On Wednesday, March 03/04/20, 2020 at 23:56:12 +0530, Potnuri Bharat Teja wrote:
> On Friday, February 02/28/20, 2020 at 05:12:32 +0530, Sagi Grimberg wrote:
> > 
> > >>> Hi All,
> > >>> I observe connection errors almost immediately after I start iozone over iser
> > >>> luns. Atached are the connection error and hung task traces on initator and
> > >>> target respecively.
> > >>> Interestingly, I see connection errors only if LUN size is less than 512MB.
> > >>> In my case I could consistently reproduce the issue with 511MB LUN and 300MB
> > >>> lun size. Connections errors are not seen if I create 512MB or greated LUN.
> > >>
> > >> Can you share log output on the target to before hung tasks?
> > > 
> > > Sure, Attached are the target and initiator dmesg logs.
> > >>
> > >>> Further, after the connection errors, I noticed that the poll work queue is
> > >>> stuck and never processes drain CQE resulting in hung tasks on the target side.
> > >>
> > >> Is the drain CQE actually generated?
> > >>
> > > 
> > > Yes it is generated. I was able to track it with prints until queue_work() in
> > > ib_cq_completion_workqueue(). Work Function ib_cq_poll_work() is never getting
> > > scheduled. Therefore, I see drain CQE unpolled and hung task due to
> > > __ib_drain_sq() waiting forever for complete() to be called from drain CQE
> > > done() handler.
> > 
> > Hmm, that is interesting.

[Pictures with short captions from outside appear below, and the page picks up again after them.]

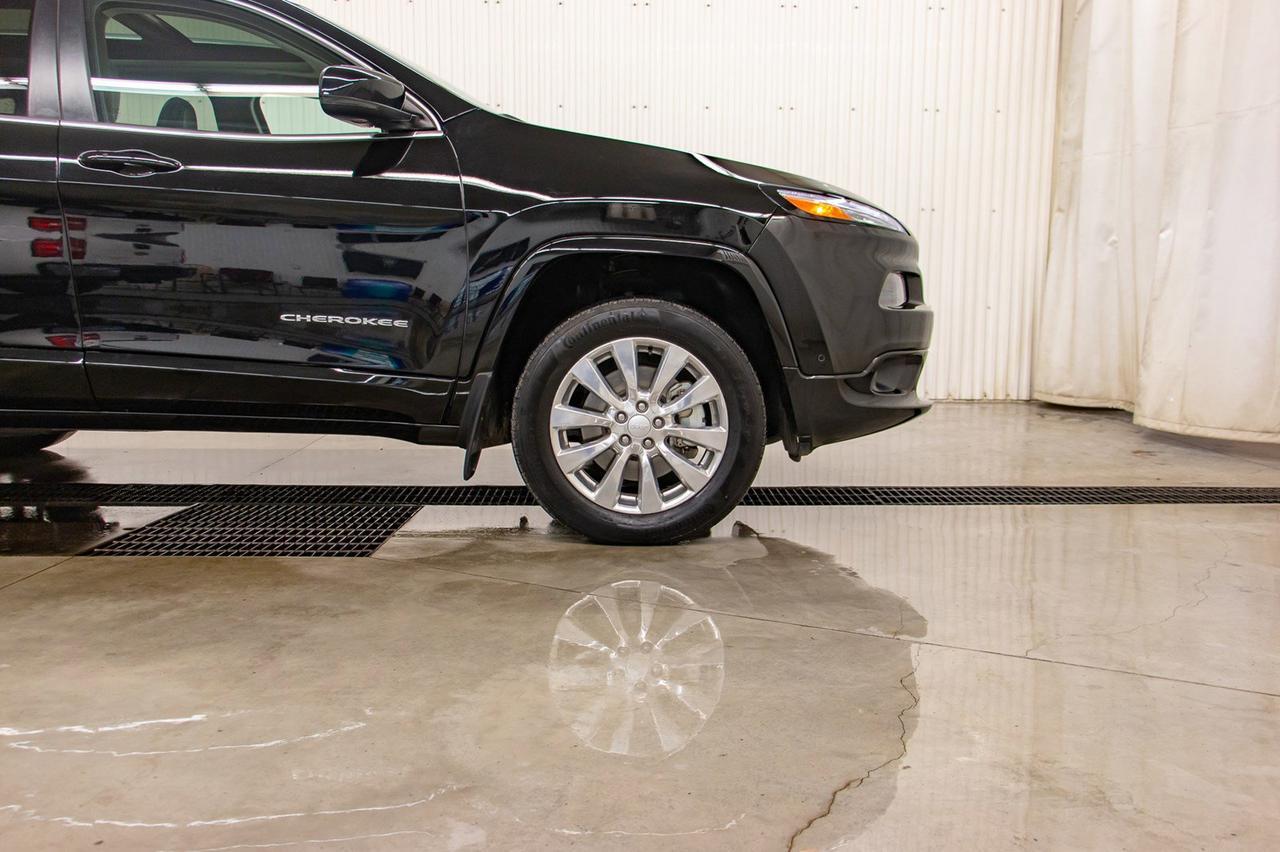 2017 Jeep Cherokee 4x4 Overland Leather Roof Nav Red Deer AB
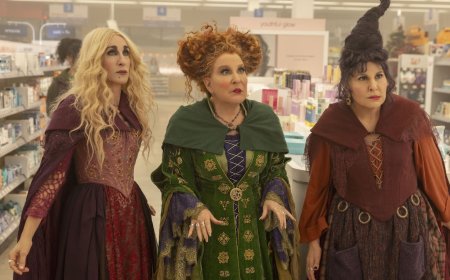 Bette Midler Says She’s Read the ‘Hocus Pocus 3’ Script and It’s ‘Brilliant’: ‘I Got Very Excited’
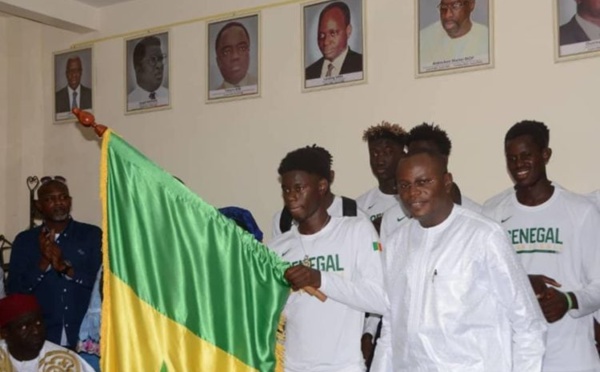 Remise de drapeau aux Lionceaux : Matar Ba: « En Grèce, faites preuve de courage et de détermination… »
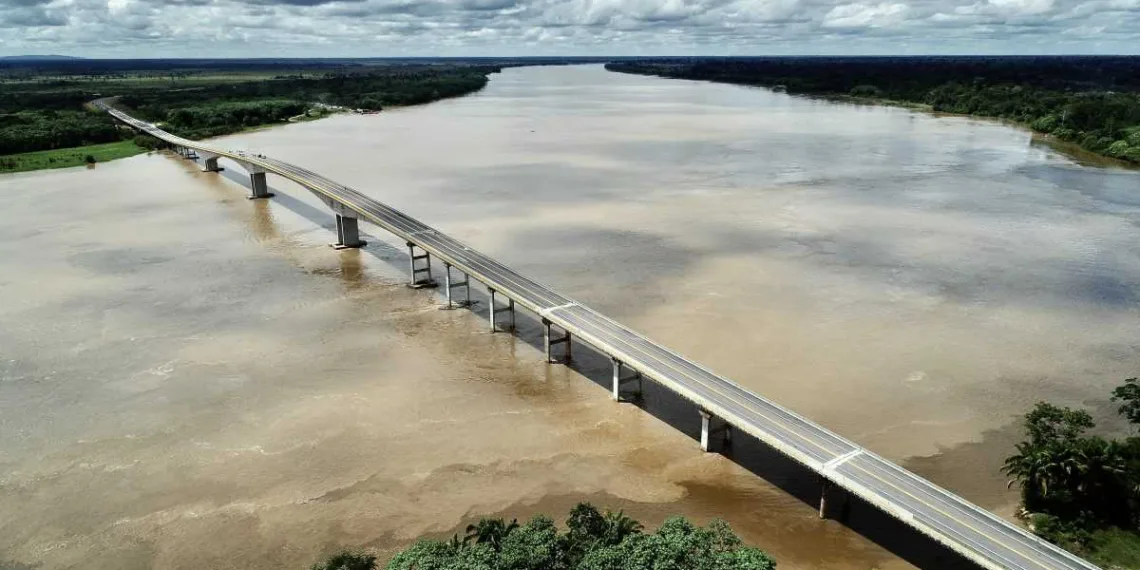 A estrutura de concreto e aço, uma das maiores já erguidas pela engenharia na Amazônia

This tells me that cq->work is probably
> > blocked by another completion invokation (which hangs), which means that
> > queuing the cq->work did not happen as workqueues are not re-entrant.
> > 
> > Looking at the code, nothing should be blocking in the isert ->done()
> > handlers, so its not clear to me how this can happen.
> > 
> > Would it be possible to run:
> > echo t > /proc/sysrq-trigger when this happens? I'd like to see where
> > that cq->work is blocking.
> >
> Attached file t_sysrq-trigger_and_dmesg.txt is the triggered output. Please let 
> me know if that is timed correctly as I triggered it a little after login timeout.
> I'll try getting a better one meanwhile.
> > I'd also enable pr_debug on iscsi_traget.c
> > 
> Attached files are with debug enabled:
> tgt_discovery_and_login_dmesg.txt -> dmesg just after login for reference
> tgt_IO_511MB_8target_1lun_each_iozone_dmesg_untill_hang.txt -> dmesg untill connection error.
> 
> Please let me know if there is anything that I could check.

Hi Sagi,
Got any chance to check this?
Thanks.
> > > 
> > >>> I tried changing the CQ poll workqueue to be UNBOUND but it did not fix the issue.
> > >>>
> > >>> Here is what my test does:
> > >>> Create 8 targets with 511MB lun each, login and format disks to ext3, mount the
> > >>> disks and run iozone over them.
> > >>> #iozone -a -I -+d -g 256m
> > >>
> > >> Does it happen specifically with iozone? or can dd/fio also
> > >> reproduce this issue? on which I/O pattern do you see the issue?
> > >>
> > > I see it with iozone. I am trying with fio, shall soon update.
> > > I see issue with at iosizes around 128k/256k block sizes of iozone. Its not
> > > consistent.
> > >>> I am not sure how LUN size could cause the connection errors. I appreciate any
> > >>> inputs on this.
> > >>
> > >> I imagine that a single LUN is enough to reproduce the issue?
> > >>
> > > 
> > > yes, attached is the target conf.
> > >> btw, I tried reproducing the issue with rxe (couldn't setup an iser
> > >> listener with siw) in 2 VMs on my laptop using lio to a file backend but
> > >> I cannot reproduce the issue..
> > > I see the issue quickly with 40G/25G links. I have not seen the issue on a 100G
> > > link. BTW i a trying iwarp(T6/t5)
> > > 
> > > Thanks for looking into it.
> > > 
> > 
> >  From the log, looks like the hang happens when the initiator tries to
> > login after the failure (trace starts in iscsi_target_do_login). and
> > looks like the target gave up on login timeout, but what is not
> > indicated is why did the initiator got a ping timeout in the
> > first place...